5 Crush the garlic cloves finely.
6 Grate the fresh ginger finely.
7 Chop the mushrooms (if used) and microwave on high for two-three minutes. (Two if enough 'liquor' is produced, three if still slightly uncooked).
8 Prepare the packet dumpling mix as instructed, or alternately use the prescribed ingredients as follows:

Combine the 150g-200g of flour, pinch of salt and mixed herbs in a small bowl. Mix in the suet and stir in half a cup of water. This should result in a loose, slightly wet mixture. If it is still dry then add some more water. Prepare this just before the end of the 40 minutes the soup has spent simmering.

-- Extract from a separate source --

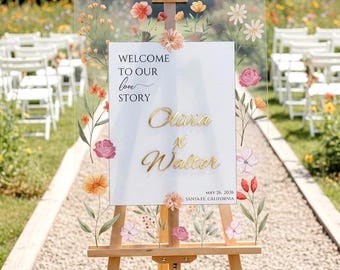 Wedding Signage, Acrylic Welcome Sign, Bridal Shower Decor,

9 At the end of the 40 minutes you may wish to fish out the drumsticks and remove the skins as some people dislike having them floating in the soup. (This still leaves extra fat content in the soup, however: if this is a concern to you you may prefer to remove the skins prior ot cooking. This is a disagreeable job, however and I don't do this myself. You could always use skinless chicken breasts instead).
10 Add the garlic, flour and water, soy sauce, pepper, salt, parsley, ginger, mushrooms and tomato puree to the soup. Stir well.
11 Take the dumpling mix, portion it out into approximately dessert spoon size portions, and put the portions into the soup. Apply the well-fitting lid and leave to simmer for 20-25 minutes (or as per the packet if using packet mix). The end result should be aerated like a crumpet, savoury, fluffy and light.
12 At the end of cooking, serve with perhaps a few extra twists of black pepper, and crusty bread if you fancy a little extra starch!

Enjoy your garlic-laden soup, remember all the health benefits being explored by researchers, and take some breath mints around with you the next day!

Friday, February 29, 2008

birthdays are bad

birthdays are bad, christmas is bad, any excuse to eat crap and drink is bad.

since the OH and myself both had birthdays recently, i've had no opportunity to recover from christmas. What have I learned?

That home-made White Russians are delicious. But don't overdue the Kahlua.

We have deep-fried chips instead of oven ones about twice a year. We've had them three days running now. I'm just about ready to puke.

But I must finish up the chocolates first.

Wednesday, July 18, 2007

coffee coffee coffee jibber jibber jibber

I am in no position to criticise someone else for lack of self-control. I am unable to have coffee in the house and not chain-drink it. I had three cups this morning on an empty stomach while writing my new Ellora's Cave masterpiece. And more since lunch.

Maybe manic people just drink too much coffee. Judging by my feelings and activities now (manic writing and crafting) I think it may be at least a partial explanation.

(There is an old comedy sketch show which had a running gag about a has-been Swedish rock-star doing a confessional reality show regarding his caffeine habit. I realise this doesn't exactly make me Lizzy Wurtzel).

Saturday, May 19, 2007

Pizza and crisps for a late Saturday lunch

Who are these size zero nutjobs anyhow?

Food is better than cocaine. You can score it for years without your nose dropping off to start with.